特に注目を集めたのが,赤い塗料で塗られていた土器でした。この時代に色の付いた土器は全国でも例がなく,国内で最も古い物の一つであることが分かりました。特別な儀式や祭りなどに使われていた可能性も考えられるそうです。恋之原に約1万年前から3千年前頃まで人が住んで狩りをしたり,下谷口川の水を使ったりして生活していたことが分かったのです。また,恋之原に住んでいた縄文の人々が集い,神に祈る祭りをしていたかもしれません。
・ 稲荷原遺跡出土塗彩土器(内側)
稲荷原遺跡の発掘調査は平成8年11月~平成9年3月まで行われました。遺跡の主な遺構は穴を掘った土坑で,縄文土器や石斧,石クワ,磨石(縄文時代、クリ・ドングリなどの堅果類をすりつぶし 、粉をひくため石器),石皿などが発掘されました。
ところで,遺跡があった年代はどうして分かるのでしょうか。
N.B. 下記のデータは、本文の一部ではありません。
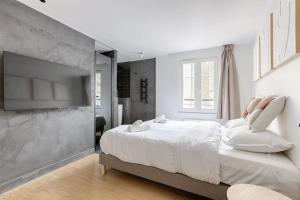 a bedroom with a large bed with white sheets at MyKeypers - Luxury Design Flat 2BR/6P - Rue de Charonne ! in Paris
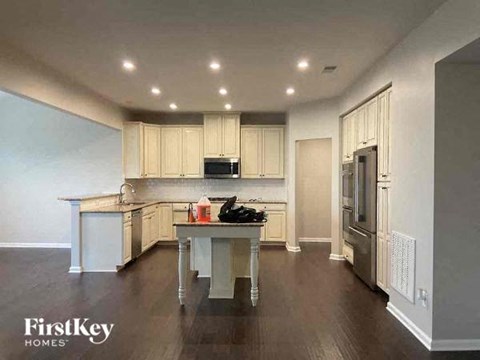 a large kitchen with white cabinets and a table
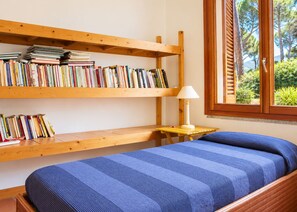Een kamer met een bed, houten planken met boeken, een klein tafeltje met een lamp en een raam met luiken.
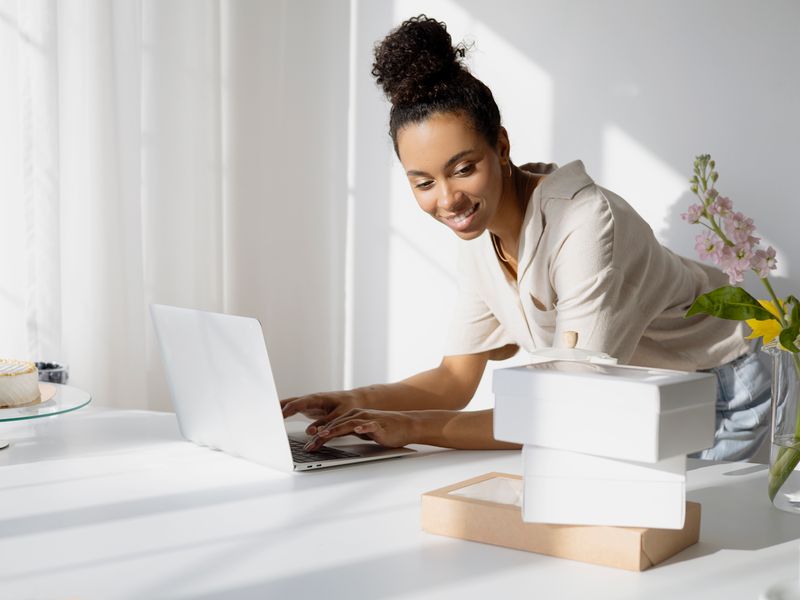 A woman leans over a white table in a bright, sunlit room, smiling as she types on a laptop with one hand whil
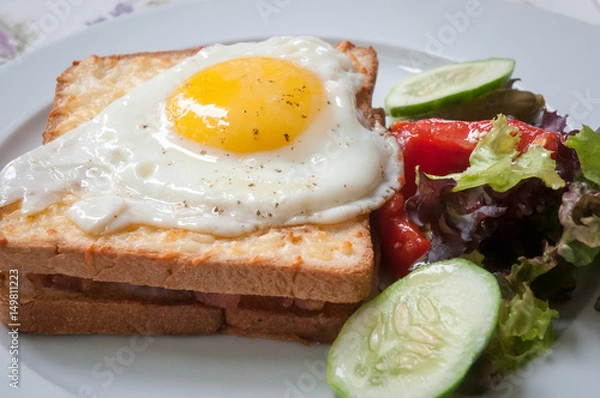 Fototapeta Sandwiches with white bread bacon and egg .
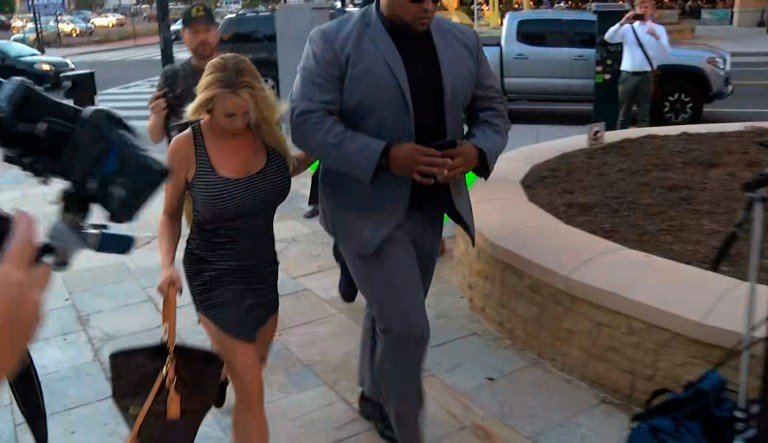 In this image from video, Stormy Daniels arrives at the strip club Cloakroom for a performance Monday, July 9, 2018, in Washington.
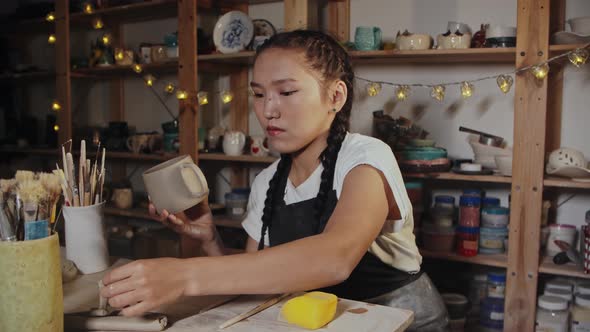 Young Woman Potter Smoothing Out the Clay Cup Using a Wet Brush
鹿児島には桜島をはじめ多くの 火山があり,アカホヤ火山灰層やサツマ火山灰層,シラス層などがあります。その火山灰を調べることで時代が分かります。遺構はサツマ火山灰層の上の層で,土坑や出土遺物1877点が見つかりました。出土土器などから日本の縄文文化の中でもかなり進んでいた文化があったことが分かりました。